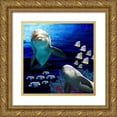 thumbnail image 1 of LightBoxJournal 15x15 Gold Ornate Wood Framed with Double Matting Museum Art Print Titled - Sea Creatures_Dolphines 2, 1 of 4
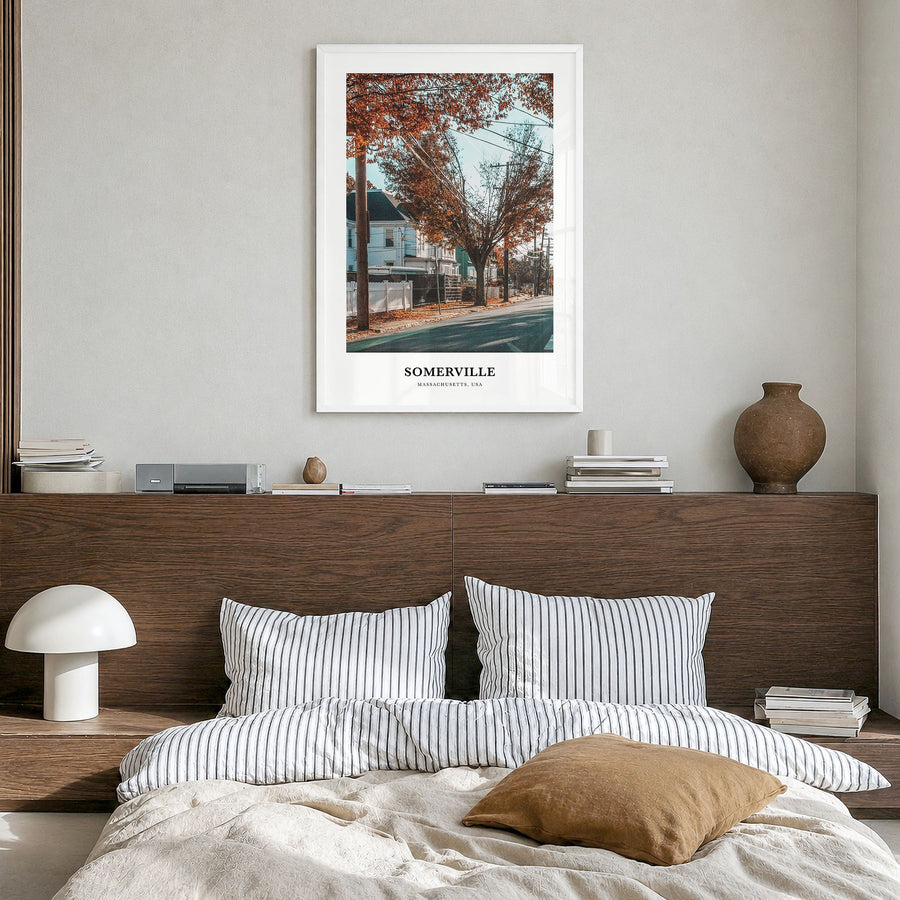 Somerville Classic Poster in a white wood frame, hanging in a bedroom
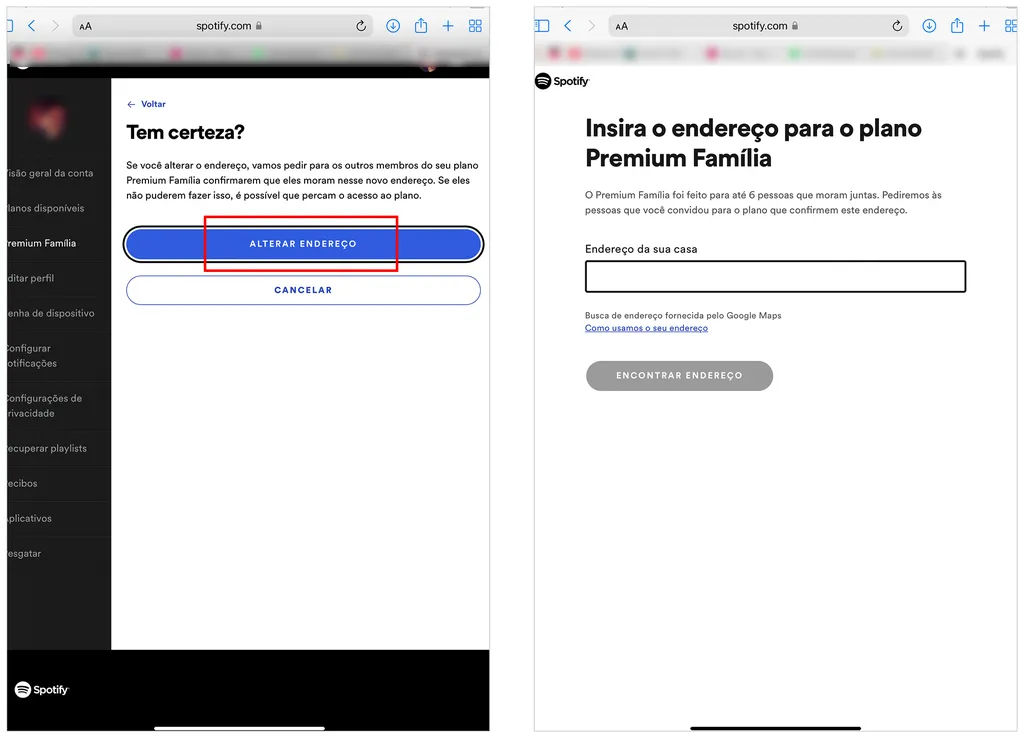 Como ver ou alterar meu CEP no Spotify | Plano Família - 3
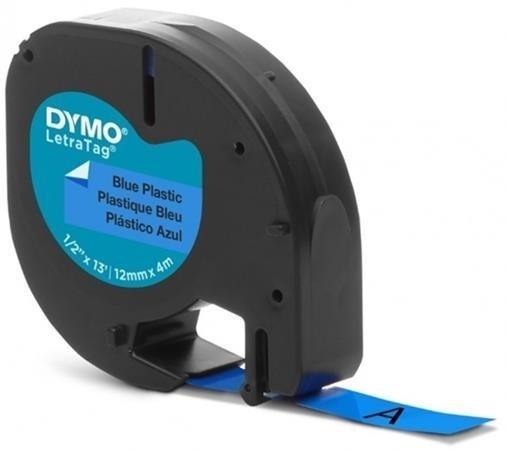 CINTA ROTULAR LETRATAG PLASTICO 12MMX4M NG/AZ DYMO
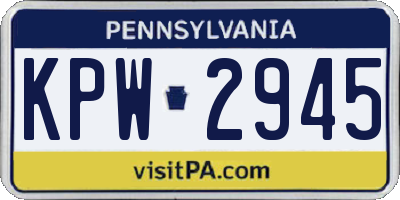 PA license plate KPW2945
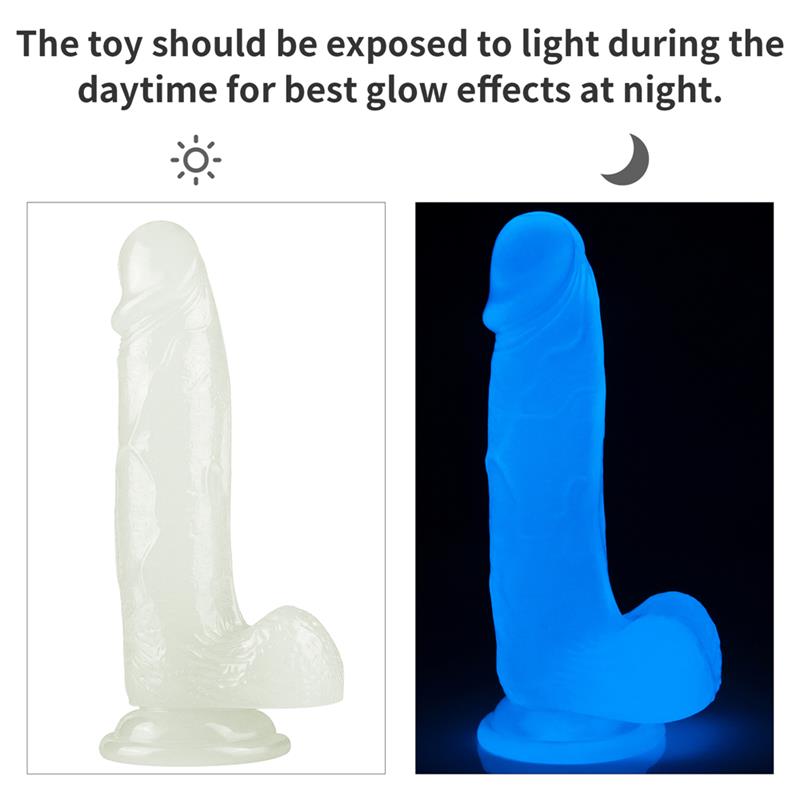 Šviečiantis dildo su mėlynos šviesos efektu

* * * *

Repeat word for word the lines above, from the first entry through the line containing "Somerville Classic Poster", with both ends kept and the pictures dropped.

 thumbnail image 1 of LightBoxJournal 15x15 Gold Ornate Wood Framed with Double Matting Museum Art Print Titled - Sea Creatures_Dolphines 2, 1 of 4
 Somerville Classic Poster in a white wood frame, hanging in a bedroom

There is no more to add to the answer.